Bielefeld. Bisher hat er seine filmischen Erfahrungen mit Spielzeugmännchen in den Hauptrollen gemacht. Für sein neues Projekt hat der Bielefelder Thomas Lütkehölter echte Menschen als Darsteller gewählt. Damit nimmt er erneut beim Berliner Nachwuchsfilmer-Wettbewerb "99 Fire-Films" teil – diesmal als Titelverteidiger des Sonderpreises.
Eine kleine Kompaktkamera, ein Laptop und viele Ideen: Mehr braucht Thomas "Schwede" Lütkehölter nicht, um seine Filme zu gestalten. "Es gibt viele, die sich einen Kopf um die Technik machen. Meine Technik ist nicht perfekt, ich mache mir mehr Gedanken um die Geschichte."
Vor einem Jahr gewann Lütkehölter durch seine Kreativität den Sonderpreis bei "99 Fire-Films" in Berlin. Damals machte er zahlreiche Bilder von Playmobilmännchen und reihte sie zu einem Film aneinander (wir berichteten). "Ich wollte mich in diesem Jahr weiterentwickeln", sagt der selbstständige Dienstleister.
Darum ist er nun von Plastikmännchen auf Menschen aus Fleisch und Blut umgestiegen. Fast alle Darsteller hat er aus seinem Bekanntenkreis rekrutiert. Nur einen hat er über das Internet kennengelernt. Dort suchte Lütkehölter ein altes Auto, das er in seinem Film zeigen konnte.
"Es gibt einen überraschenden Moment"
Gefunden hat er über das weltweite Netz einen Fiat 500, Baujahr 1952, und den dazugehörigen Halter gleich dazu. Ihn verpflichtete Lütkehölter für eine Hauptrolle. Sein Kurzfilm handelt von einem älteren Mann, der für ein besonderes Erlebnis in eine Autowerkstatt fährt. "Es gibt einen überraschenden Moment. Mehr wird erst nach der Preisverleihung verraten", sagt der 46-Jährige.

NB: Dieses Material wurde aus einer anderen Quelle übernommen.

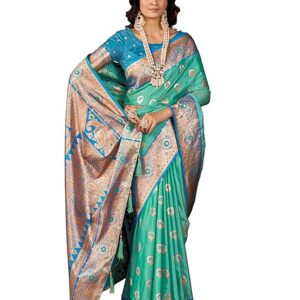 Mehrang Cotton Banarasi Silk Saree for Women With Unstitched Blouse Piece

Das Motto, unter dem die Filme in diesem Jahr bei dem Wettbewerb eingereicht werden sollen, lautet "Put a Smile in Your Face" (auf deutsch etwa: Zaubere ein Lächeln in dein Gesicht). Doch das Thema ist nicht die einzige Vorgabe der Organisatoren: Der Film darf nur 99 Sekunden lang sein und muss innerhalb von 99 Stunden gedreht werden. "Das Zeitfenster hat mir keine Probleme bereitet. Ich habe mir vor Bekanntgabe des Themas schon viele Gedanken über den Inhalt gemacht."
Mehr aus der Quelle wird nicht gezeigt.